Temporary protected status ending for Haitians living in US

The Trump administration announced that in 2019 nearly 60,000 Haitians who have been living legally in the US with visas issued on humanitarian grounds must return to Haiti. TPS protections for Sudan and Nicaragua have also been terminated.

|
Wilfredo Lee/AP
Pierrot Mervilier (c.) and a young girl hug after the girl on May 22, 2017, after her family spoke to reporters about their experience living in the US with a temporary protection visa scheduled to end in 2019.

The Trump administration said it is ending a temporary residency permit program that has allowed almost 60,000 citizens from Haiti to live and work in the United States since a powerful earthquake shook the Caribbean nation in 2010.

The Homeland Security Department said conditions in Haiti have improved significantly, so the benefit will be extended one last time – until July 2019 – to give Haitians time to prepare to return home.

"Since the 2010 earthquake, the number of displaced people in Haiti has decreased by 97 percent," the department said in a statement issued Monday evening. "Haiti is able to safely receive traditional levels of returned citizens."

Advocates and members of Congress from both parties had asked the Trump administration for an 18-month extension of the program, known as Temporary Protected Status.
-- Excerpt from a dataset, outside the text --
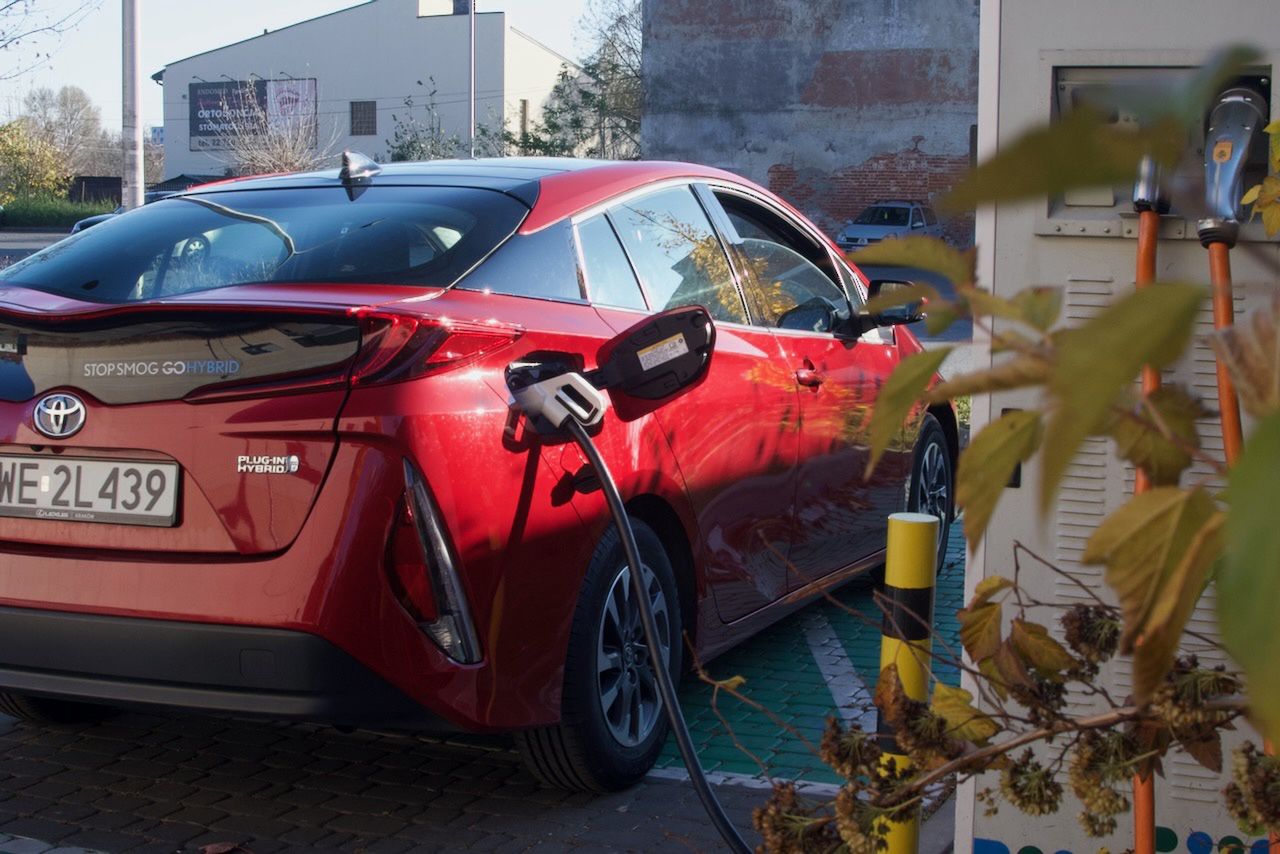 Ładowanie Toyoty Prius PHV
Haitian President Jovenel Moise's government also requested the extension.

Rony Ponthieux, a Haitian nurse with temporary residency who has lived in Miami since 1999, told The Associated Press, "This isn't over, this is time we get to fight for renewal, not to pack our bags." She has a daughter and a son born in the United States and another son in Port-au-Prince.

"We need to push Washington to provide a legal status for us with TPS," Ms. Ponthieux said. "This is anti-immigrant policy."
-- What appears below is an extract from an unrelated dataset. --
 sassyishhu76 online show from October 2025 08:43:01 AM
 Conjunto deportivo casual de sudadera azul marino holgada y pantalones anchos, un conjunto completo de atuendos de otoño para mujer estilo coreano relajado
Advocates for Haitians quickly criticized the decision to make this the last extension, arguing the conditions in the island nation haven't improved nearly enough for Haitians to be deported.

Rep. Mario Diaz-Balart (R) of Florida, expressed "strong opposition" to the measure and urged the administration to reconsider.

"Forcing them to leave the United States would be detrimental," he said in a statement. "Almost eight years later, Haiti remains in total disarray and still requires much rebuilding."

Amanda Baran, policy consultant at the Immigrant Legal Resource Center, called the termination of the status a "heartless decision" and said the Trump administration has no plan in place for the US-born children who may now lose their Haitian parents and caregivers to deportation.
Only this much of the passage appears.